I'm not looking forward to the "after one year expiration of playtime" for my MMOs, so that's why I need to give them an option to choose so they can't say they didn't know.

The problem is institutionalized in how all printed money works, only way out is to make the problem obvious across everything in society as soon as possible as the fall will be from much higher if we wait.

The actual pricing I have to go with is only because of Visa/Mastercard fees. But $1/month (non metered) and $1/day (metered) in $10 transactions sounds fine to me at first glance.

Huh? That is some strange ideas with some strange assumptions.

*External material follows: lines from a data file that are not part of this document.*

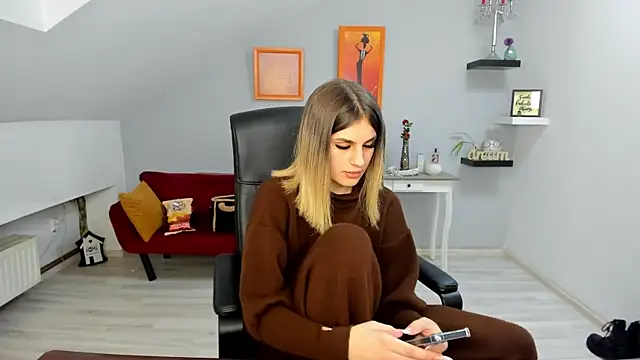 Snapshot of SarahOwenn chatting on 12.17.25 SarahOwenn online show from 12.17.25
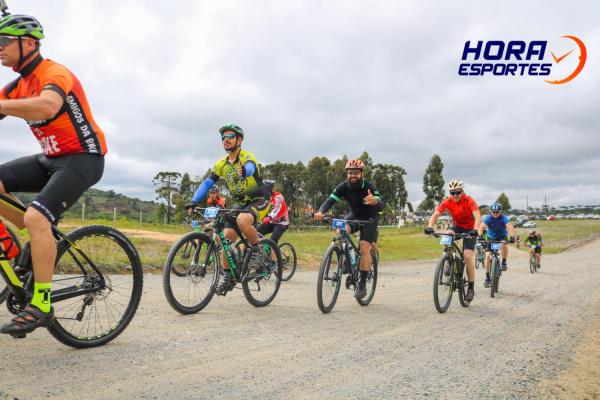 Largada - 1º Pedal do Santuário N. S. das Graças / Bikers Piên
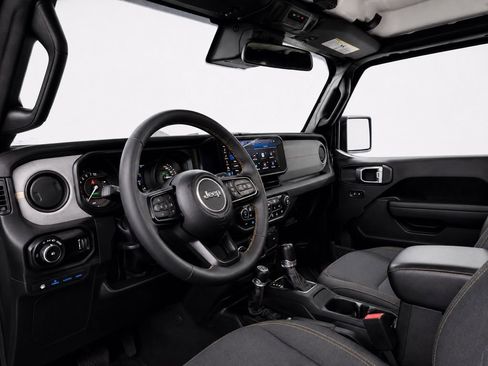 Used 2024 Jeep Wrangler Unlimited w/ Convenience Group AWD/4WD image 14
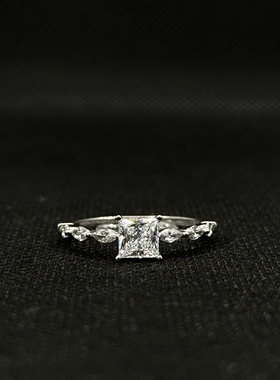 辛德瑞拉公主方一克拉方形戒指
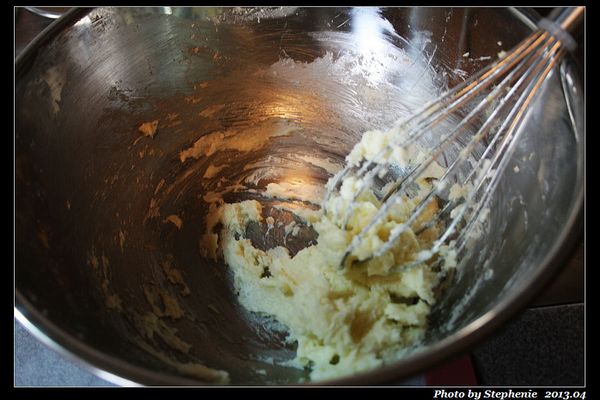 無鹽奶油切小塊+糖用打蛋器打至泛白的柔滑狀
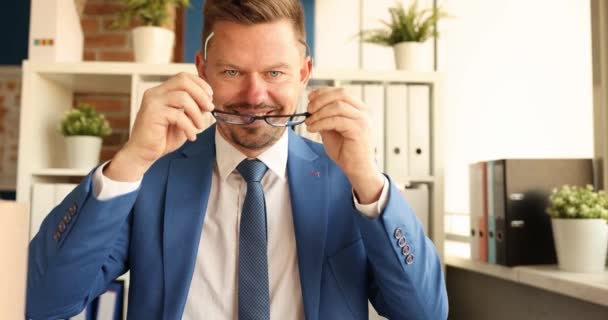 Gülümseyen Adamı Gözlük Takıp Kollarını Kavuşturuyor Kavramının Profesyonel Kariyer Büyümesi — Stok video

No, you need not eternal growth to fund a project. To fund it, you need a fixed sum. See kickstarter projects for reference. Big companies prefinance that funding. Then release the game and hope their calculations turn out to be correct and the game makes more than funding did cost. Every unit sold afterwards just increases the return of investment. It is a lot like producing a movie. (And on a side note, the recent Unity desaster was in big parts, because the pricing change could topple those calculations after the fact.)

If you have a game that needs maintenance, you need recurring income to cover for that maintenance. Like hosting the servers of an mmo and paying people for supporting the players and whatnot. If the calculation is good, you could even  forgo the initial purchase price and only collect recurring payments of whatever kind (subscription, ads, in-app purchases etc).

And I do not understand what you mean, that Mojang would fail, if people would not buy the Minecraft game in 10 years. Minecraft and Mojang is property of Microsoft since 2014. You can be sure that they will market their $ 2.5 Billion investment in years to come. Even if no one bothers to buy it anymore, so what? Software is project based. If they continue to invest maintenance in a game that no ony buys and do not develop new projets, that is blatant mismanagement and has nothing to do with sustainability, but with running a company.